[Start of Attachment]

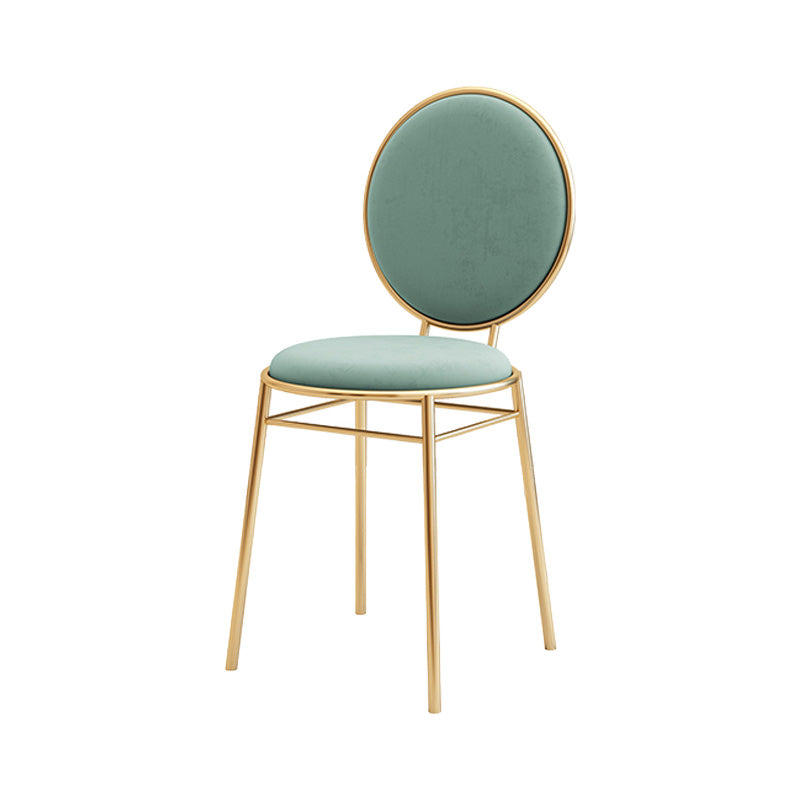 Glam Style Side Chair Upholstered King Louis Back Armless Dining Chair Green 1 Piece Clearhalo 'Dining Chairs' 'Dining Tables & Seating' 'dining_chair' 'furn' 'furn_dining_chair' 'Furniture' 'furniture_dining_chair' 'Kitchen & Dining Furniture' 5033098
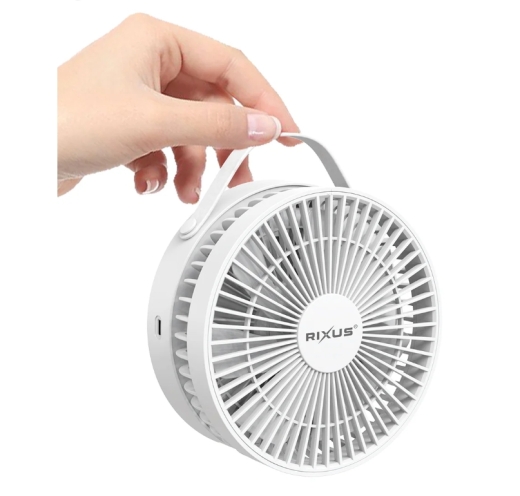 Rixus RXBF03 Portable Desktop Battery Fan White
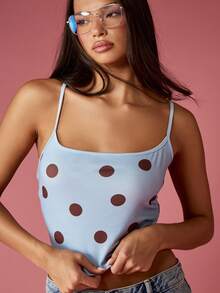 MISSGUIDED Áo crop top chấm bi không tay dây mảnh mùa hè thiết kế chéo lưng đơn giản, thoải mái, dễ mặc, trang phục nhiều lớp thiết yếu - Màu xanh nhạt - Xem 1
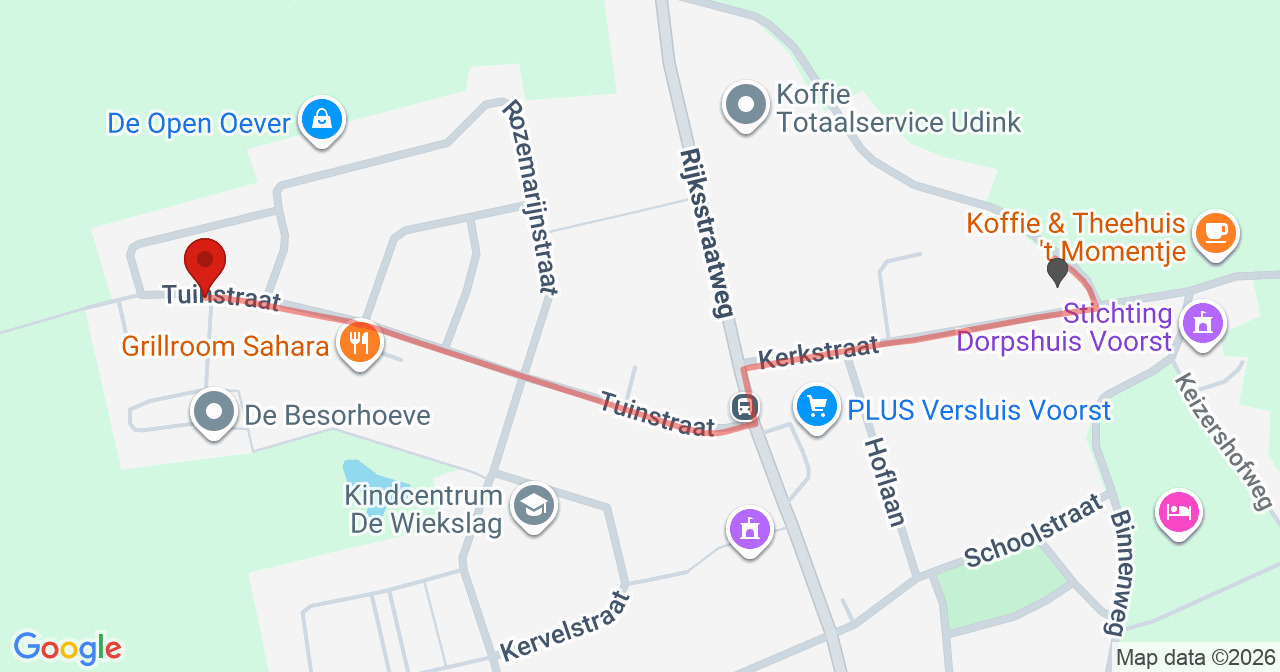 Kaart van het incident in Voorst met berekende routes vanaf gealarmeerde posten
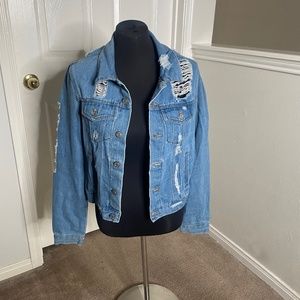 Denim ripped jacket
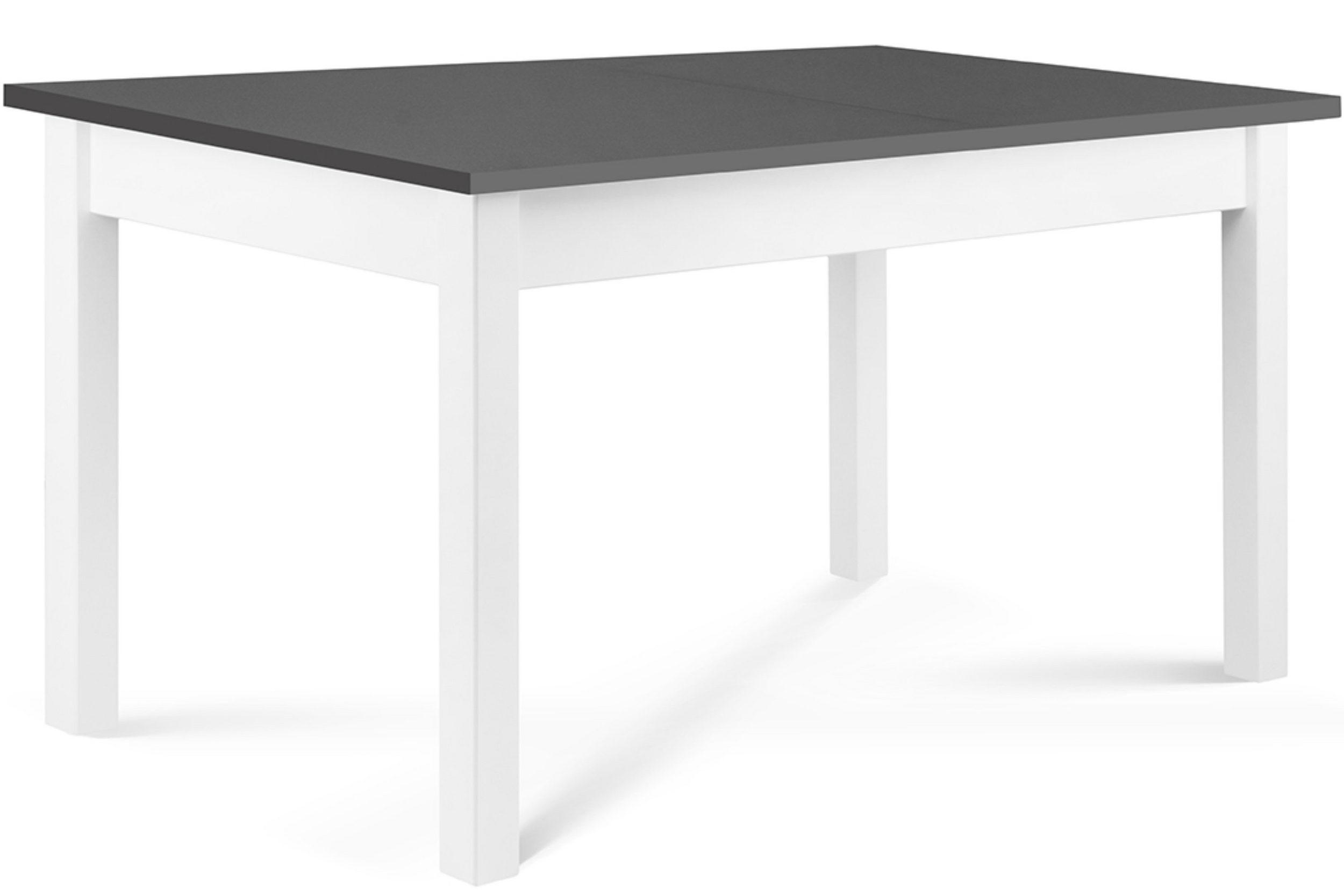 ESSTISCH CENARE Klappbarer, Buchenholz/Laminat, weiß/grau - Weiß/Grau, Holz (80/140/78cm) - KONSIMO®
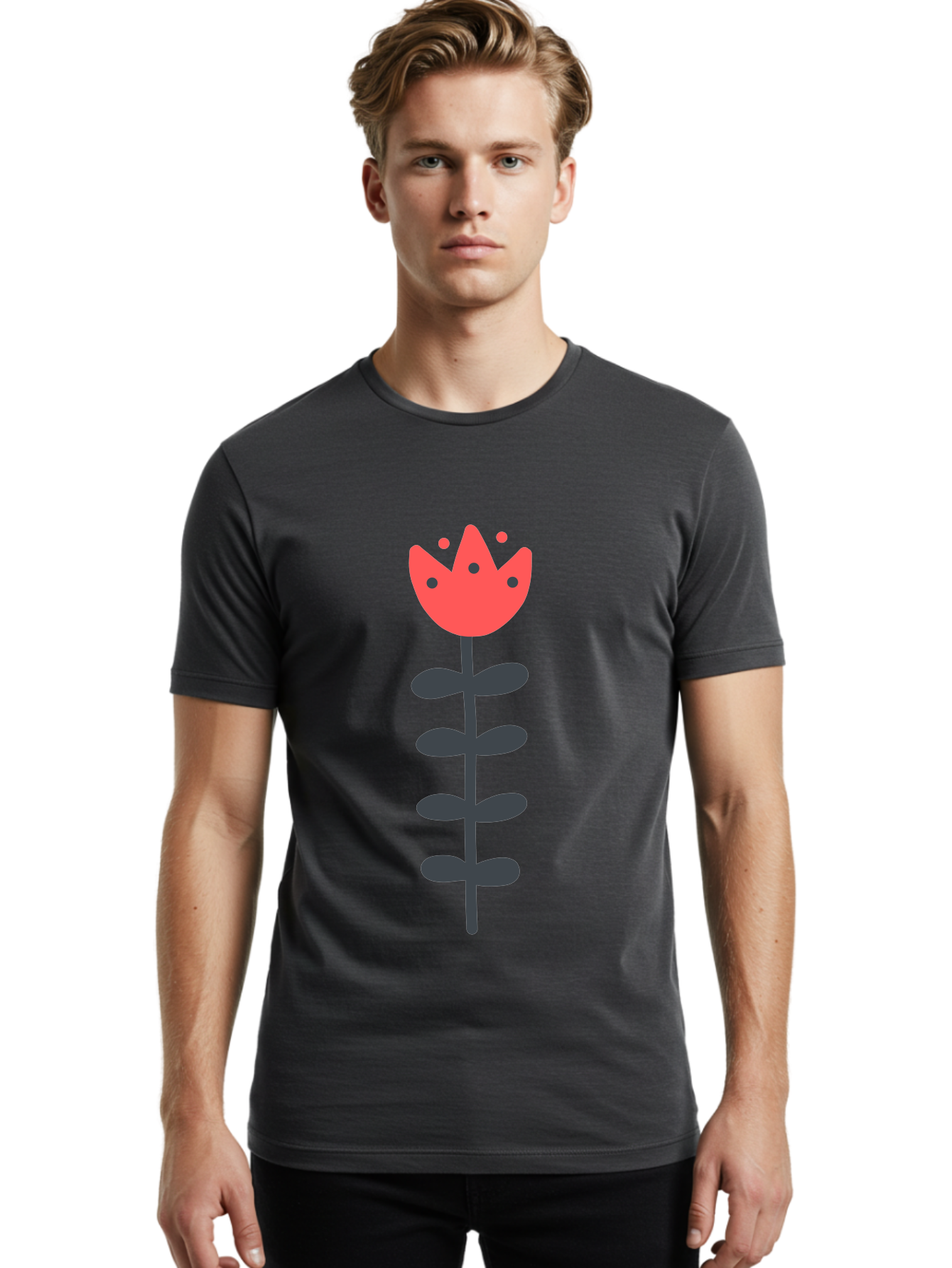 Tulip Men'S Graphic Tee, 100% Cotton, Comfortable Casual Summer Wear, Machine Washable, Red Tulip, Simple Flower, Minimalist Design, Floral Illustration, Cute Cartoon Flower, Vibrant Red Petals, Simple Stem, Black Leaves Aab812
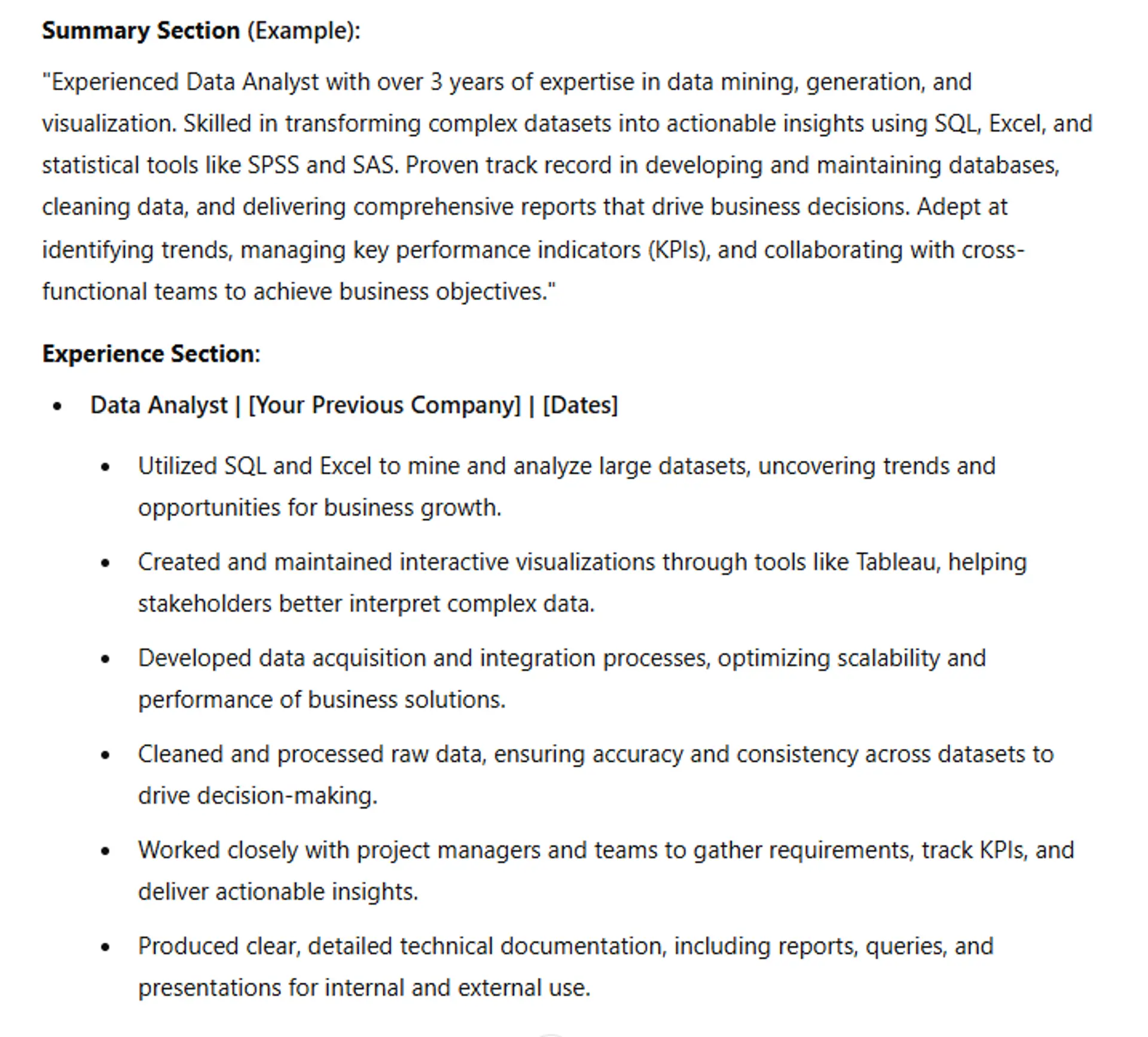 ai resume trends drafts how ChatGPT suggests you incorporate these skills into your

[End of Attachment]

_Aim of the exercise_:
The pictures are to be omitted, and the rest of the listing is to be transcribed exactly.

_Exercise answer_:
 Glam Style Side Chair Upholstered King Louis Back Armless Dining Chair Green 1 Piece Clearhalo 'Dining Chairs' 'Dining Tables & Seating' 'dining_chair' 'furn' 'furn_dining_chair' 'Furniture' 'furniture_dining_chair' 'Kitchen & Dining Furniture' 5033098
 Rixus RXBF03 Portable Desktop Battery Fan White
 MISSGUIDED Áo crop top chấm bi không tay dây mảnh mùa hè thiết kế chéo lưng đơn giản, thoải mái, dễ mặc, trang phục nhiều lớp thiết yếu - Màu xanh nhạt - Xem 1
 Kaart van het incident in Voorst met berekende routes vanaf gealarmeerde posten
 Denim ripped jacket
 ESSTISCH CENARE Klappbarer, Buchenholz/Laminat, weiß/grau - Weiß/Grau, Holz (80/140/78cm) - KONSIMO®
 Tulip Men'S Graphic Tee, 100% Cotton, Comfortable Casual Summer Wear, Machine Washable, Red Tulip, Simple Flower, Minimalist Design, Floral Illustration, Cute Cartoon Flower, Vibrant Red Petals, Simple Stem, Black Leaves Aab812
 ai resume trends drafts how ChatGPT suggests you incorporate these skills into your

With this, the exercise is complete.